REQUIRED WORK:
Pictures aside, write out every record exactly as it appears.

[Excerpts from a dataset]
BEGIN
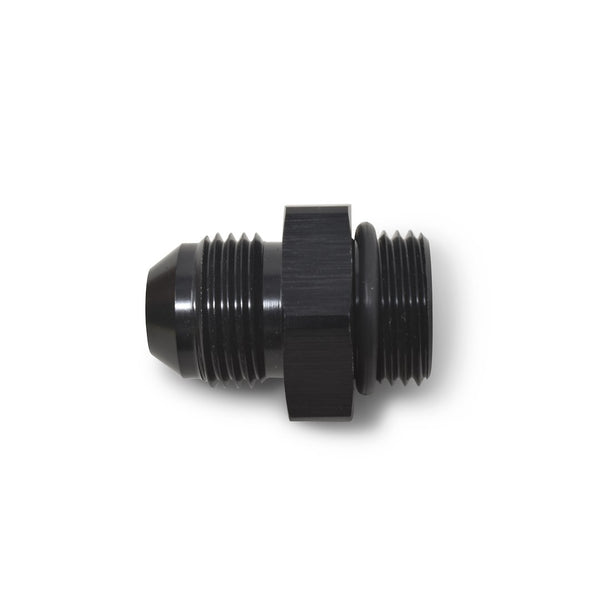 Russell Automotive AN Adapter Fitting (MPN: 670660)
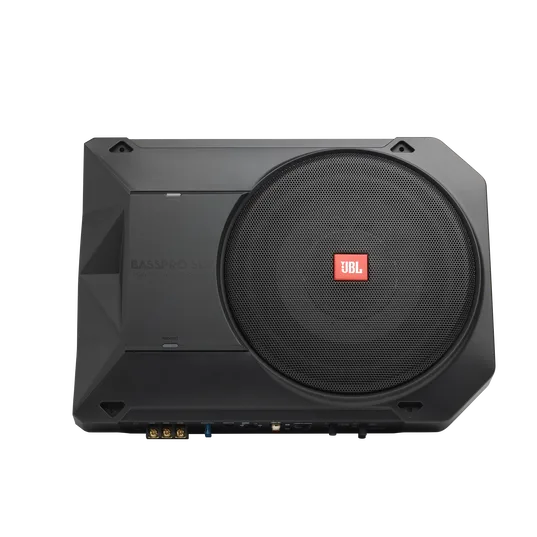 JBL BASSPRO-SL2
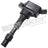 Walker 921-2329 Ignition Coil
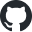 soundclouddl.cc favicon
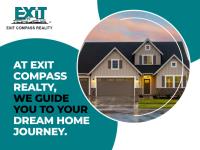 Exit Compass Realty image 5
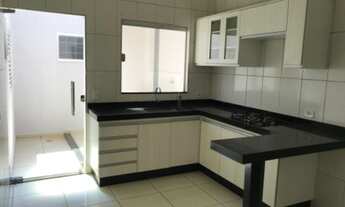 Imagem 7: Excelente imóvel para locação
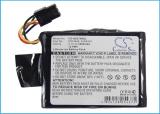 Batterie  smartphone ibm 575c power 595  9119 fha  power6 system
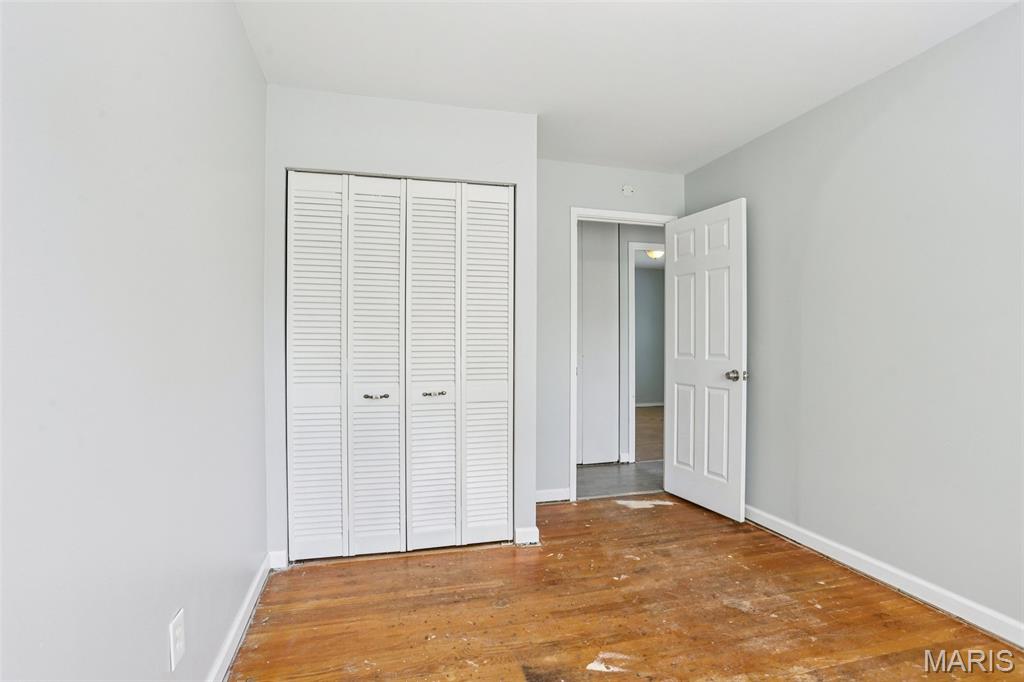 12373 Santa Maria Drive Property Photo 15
END
ANSWER SPACE:
 Russell Automotive AN Adapter Fitting (MPN: 670660)
 JBL BASSPRO-SL2
 Walker 921-2329 Ignition Coil
 soundclouddl.cc favicon
 Exit Compass Realty image 5
 Imagem 7: Excelente imóvel para locação
 Batterie  smartphone ibm 575c power 595  9119 fha  power6 system
 12373 Santa Maria Drive Property Photo 15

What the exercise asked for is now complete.